Tom Watson has released a video reacting to the news that seven MPs have quit the Labour Party today.
In his statement, the deputy leader describes the decision taken by those seven MPs as “premature” and says this is a “moment for regret and reflection not for a mood of anger or a tone of triumph”.
The MP for West Bromwich East pays special tribute to Luciana Berger, who he calls “one of our most dedicated and courageous MPs”, and accepts that Labour has been “too slow to respond to the shaming scourge of antisemitism in our ranks”.
Watson questions whether Labour is still “perceived” as “patriotic and internationalist at the same time”, concluding that the party must “change” – or “see more days like this”.
He calls on the Labour frontbench to “reflect the balance of opinion in the Parliamentary Labour Party”, adding: “We need to broaden out so that all the members of our broad church feel welcome in our congregation.”

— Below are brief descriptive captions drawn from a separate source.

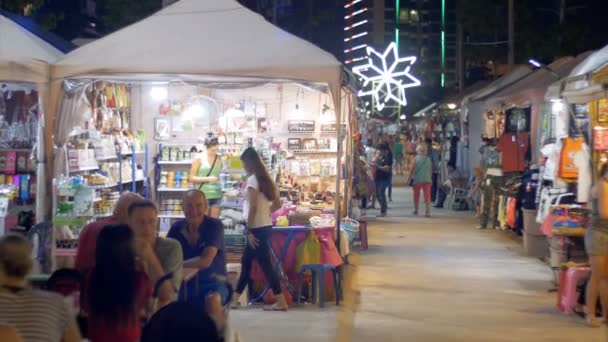 Az emberek séta ázsiai utcai élelmiszer éjszakai piac a Jomtien strandtól. Thaiföldön, Pattaya — Stock videók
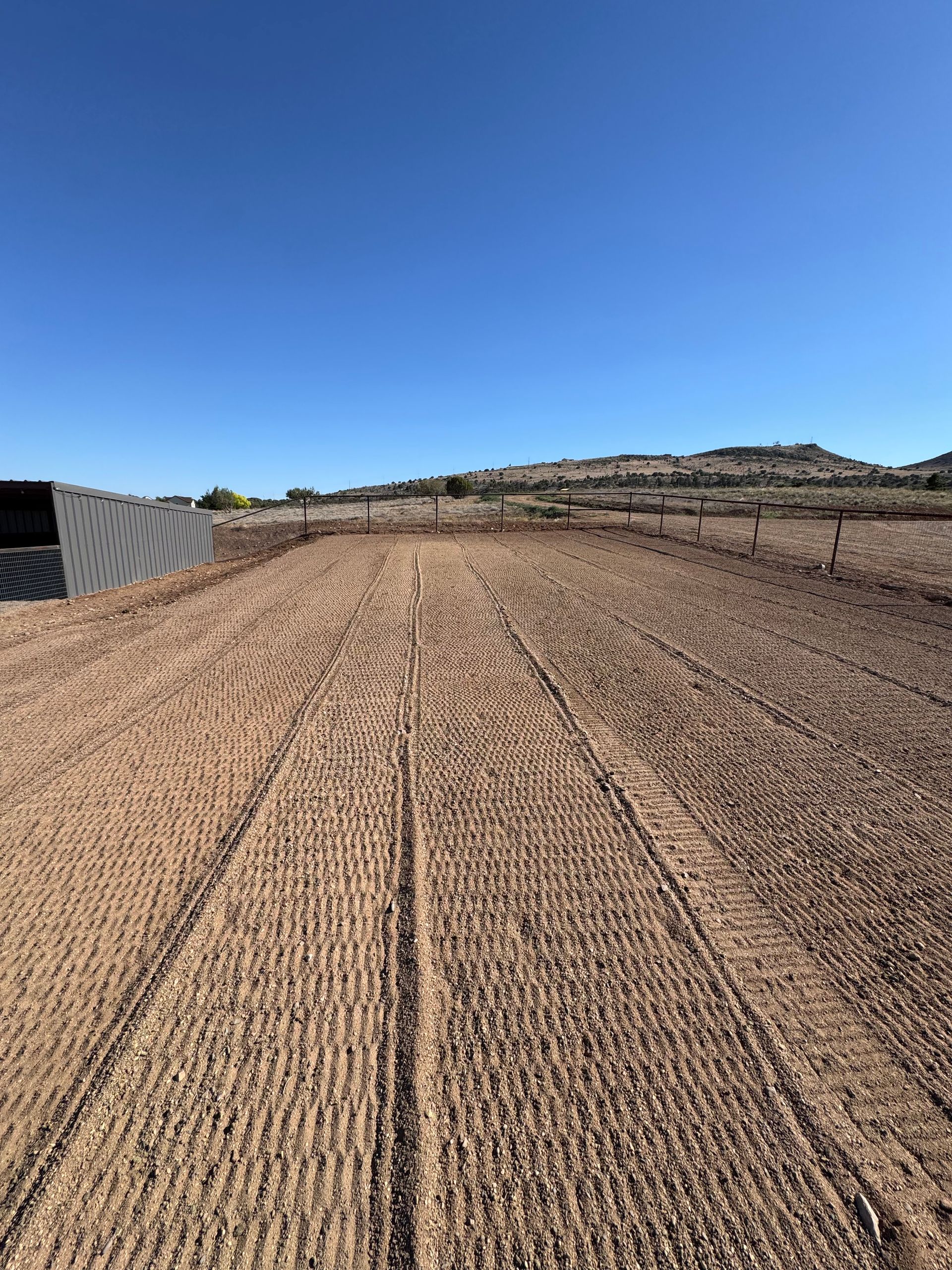 Textured dirt field under clear blue sky, with terraced hills in the distance.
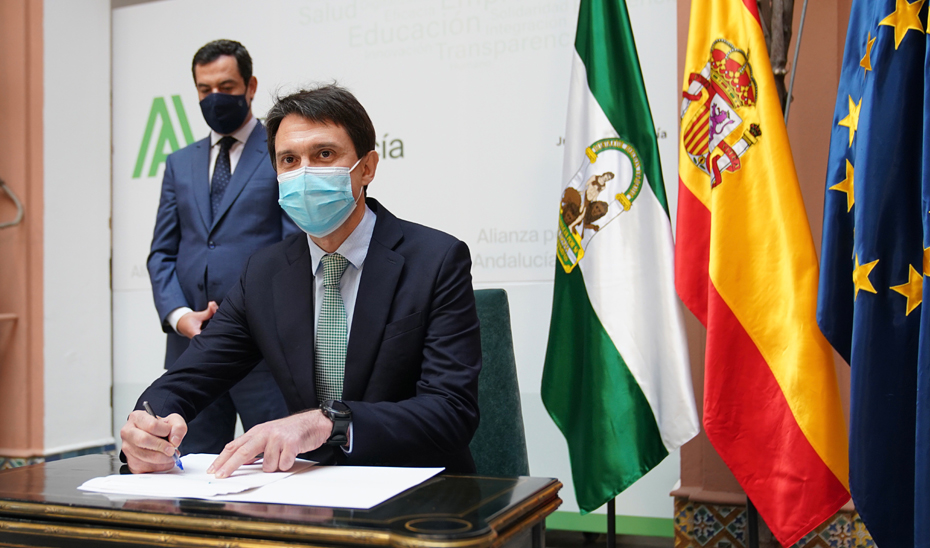 El presidente de los Laboratorios Rovi, Juan López-Belmonte, firma el convenio con la Junta en presencia de Juanma Moreno.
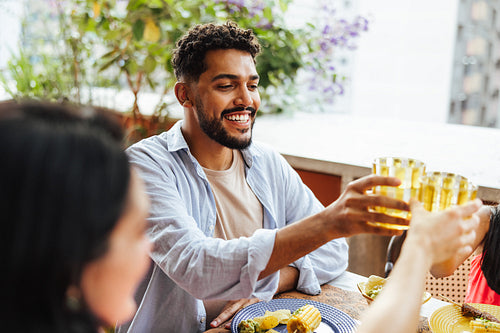 Latino friends sharing a toast during a cheerful outdoor meal gathering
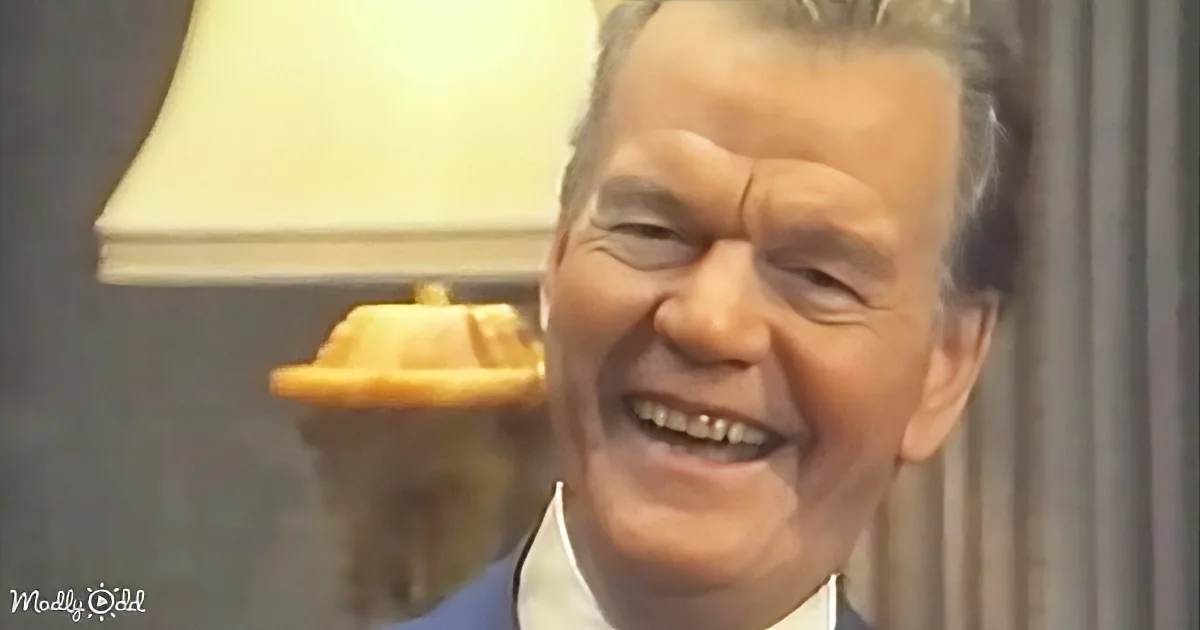 A smiling man in a suit and tie, with a lamp and curtain in the background.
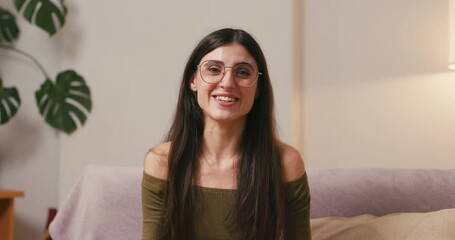 Brunette woman waves hand expressing warm greeting to interlocutor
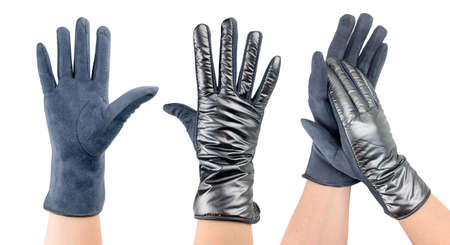 Gloves worn on the girl's hand. Isolated image on white backgroundの写真素材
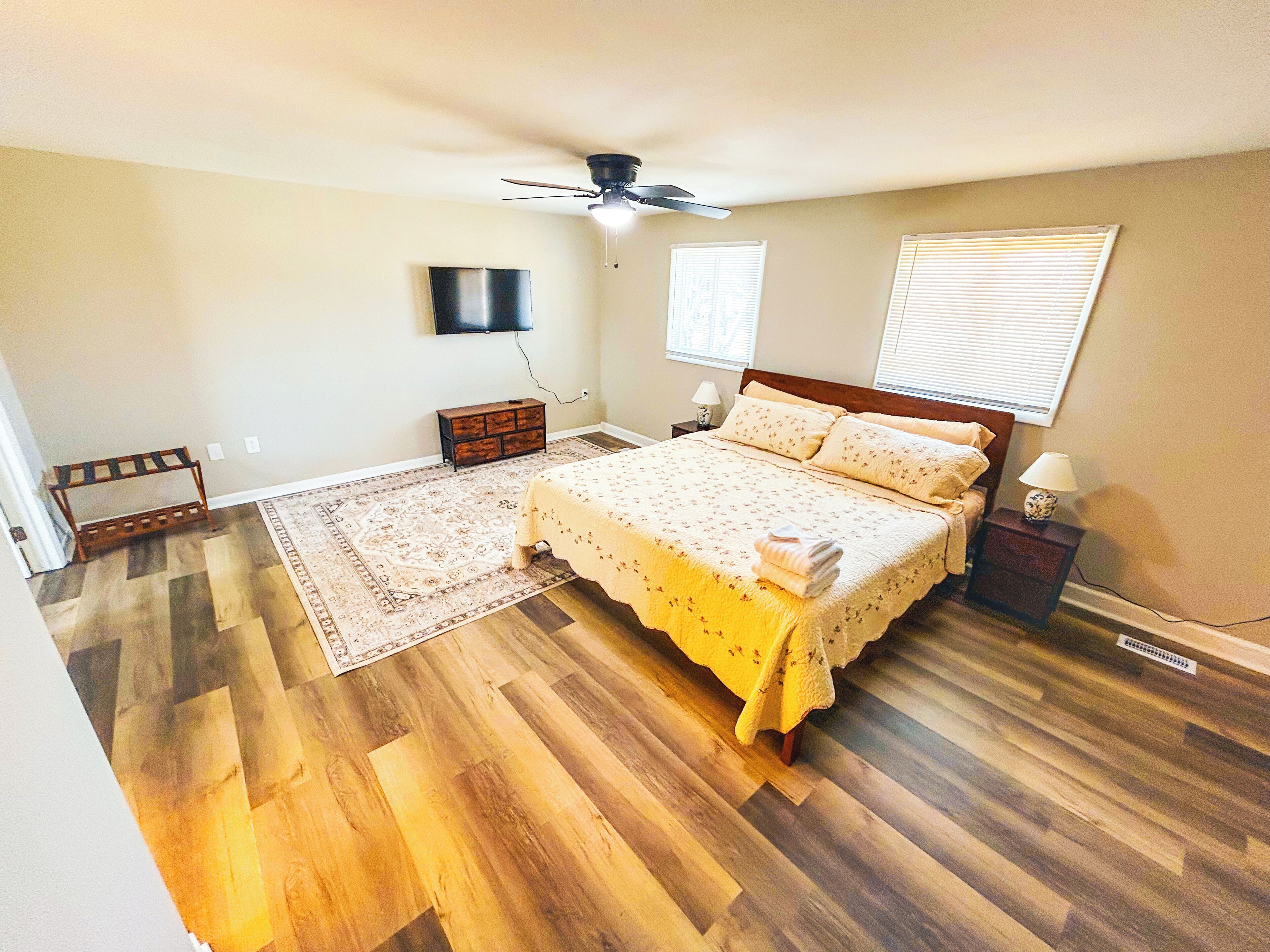 A bedroom with a bed, a ceiling fan, a TV mounted on the wall, and a window with blinds.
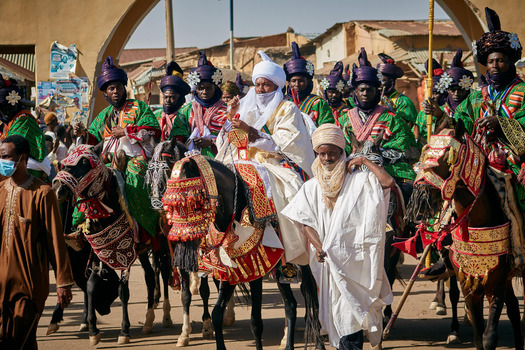 Zaria City Nigeria 21 March 2026 View of a vibrant procession of elaborately dressed horsemen in contrasting green and white parading proudly. Zaria City Nigeria 21 March 2026 View of a vibrant procession of elaborately dressed horsemen in contrasting green and white parading proudly.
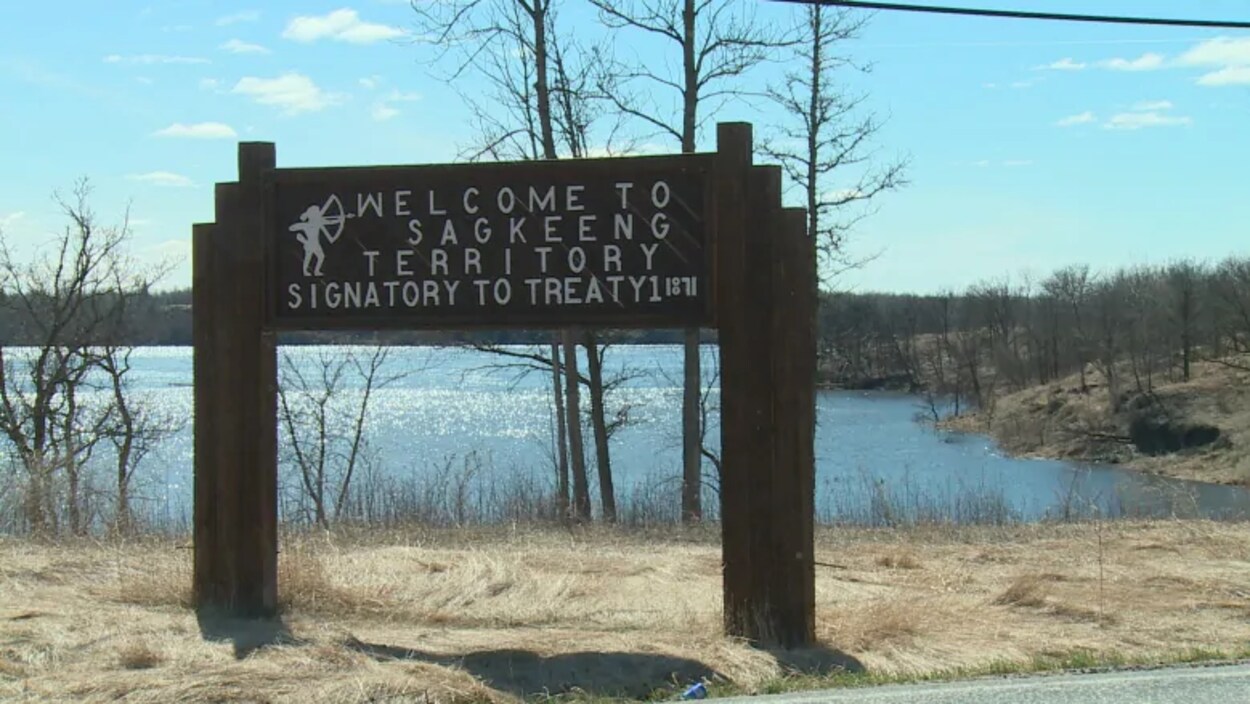 Une pancarte, placée devant un lac, marque l'entrée de la Première Nation de Sagkeeng.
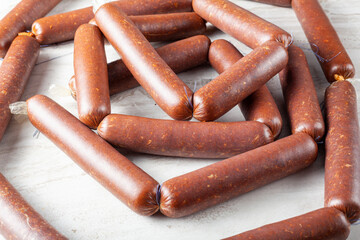 Closeup isolated image of strings of homemade sucuk or sausage stuffed in casing and made into...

Below is the full text of Tom Watson’s statement.
The instant emotion I felt, when I heard the news this morning that colleagues were leaving Labour, was deep sadness. I’ve devoted my life to this party and I’m proud to serve it, I am hugely disappointed about what has happened. This is a sad day for all of us.
I think our colleagues have come to a premature conclusion. But this is a moment for regret and reflection, not for a mood of anger or a tone of triumph. There are those who are already celebrating the departure of colleagues with whom they disagree.
The hard left can be too easily tempted into the language of heresy and treachery. Betrayal narratives and shouting insults at the departed might make some feel better briefly but it does nothing to address the reasons that good colleagues might want to leave.
I want to say something in particular about Luciana Berger. In my time in politics I have witnessed many changes but perhaps the most profound of recent times has been the growth of identity politics. I am sad to say that a virulent form of identity politics has seized the Labour Party which today took its first casualty.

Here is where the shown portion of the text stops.